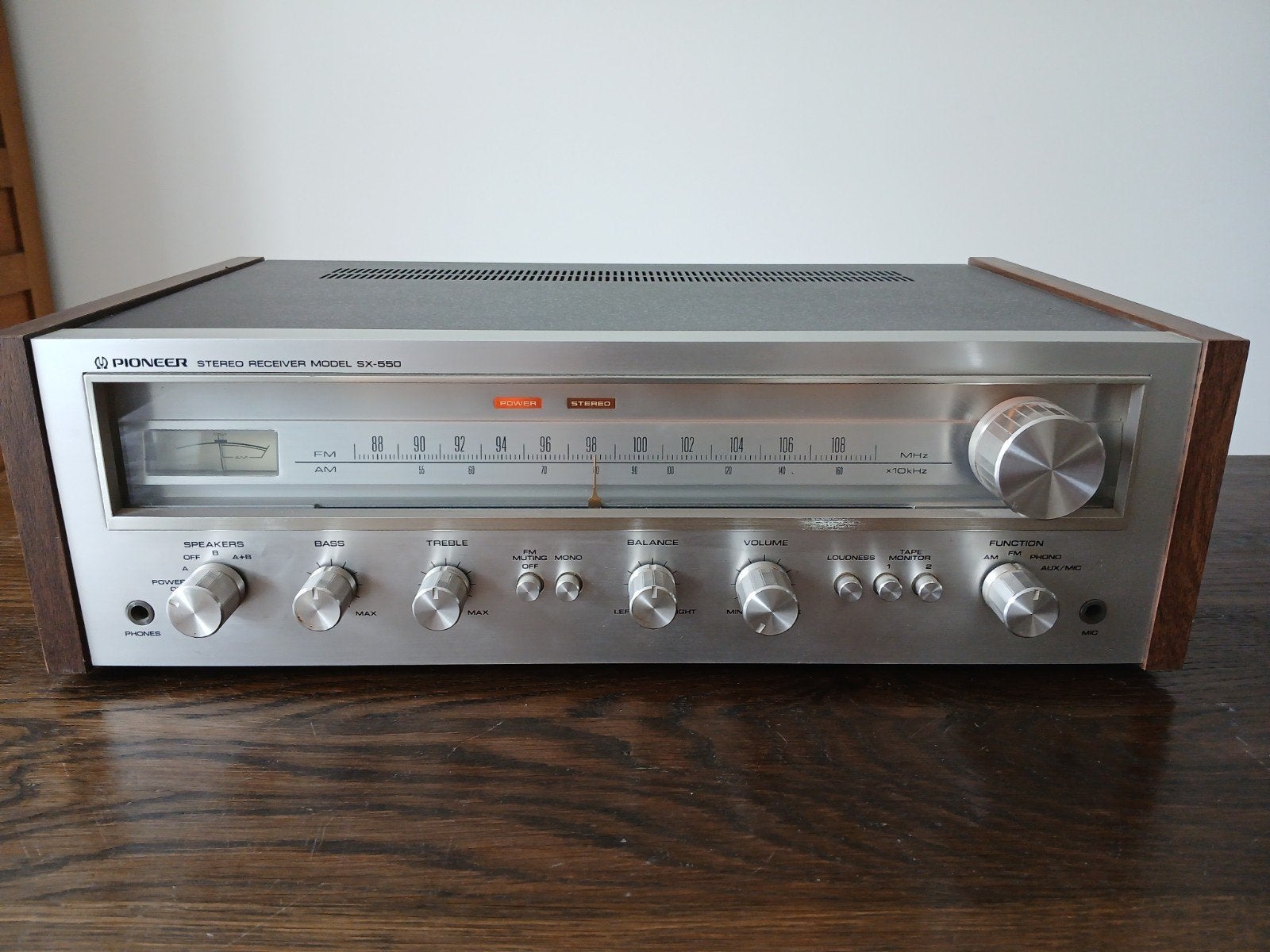 pioneer SX 550 tuner versterker.
altijd rookvrij gestaan.
in, Audio, Tv en Foto, Ophalen of Verzenden, Gebruikt, Stereo, Pioneer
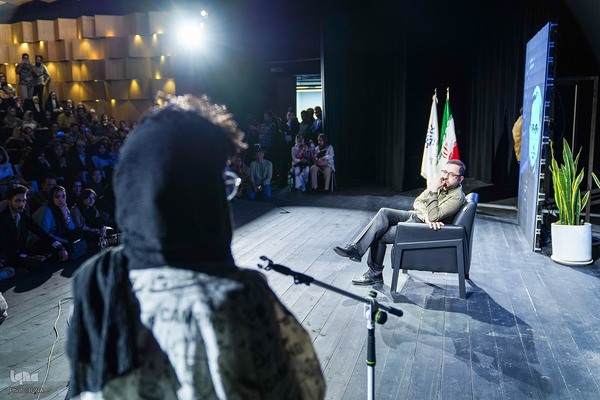 جشن امضای مجموعه‌شعر «نیست» اثر فاضل نظری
============================================================
• _About this exercise_:
The answer is the whole listing above, written out verbatim, without its pictures.

• _Output_:
 pioneer SX 550 tuner versterker.
altijd rookvrij gestaan.
in, Audio, Tv en Foto, Ophalen of Verzenden, Gebruikt, Stereo, Pioneer
 جشن امضای مجموعه‌شعر «نیست» اثر فاضل نظری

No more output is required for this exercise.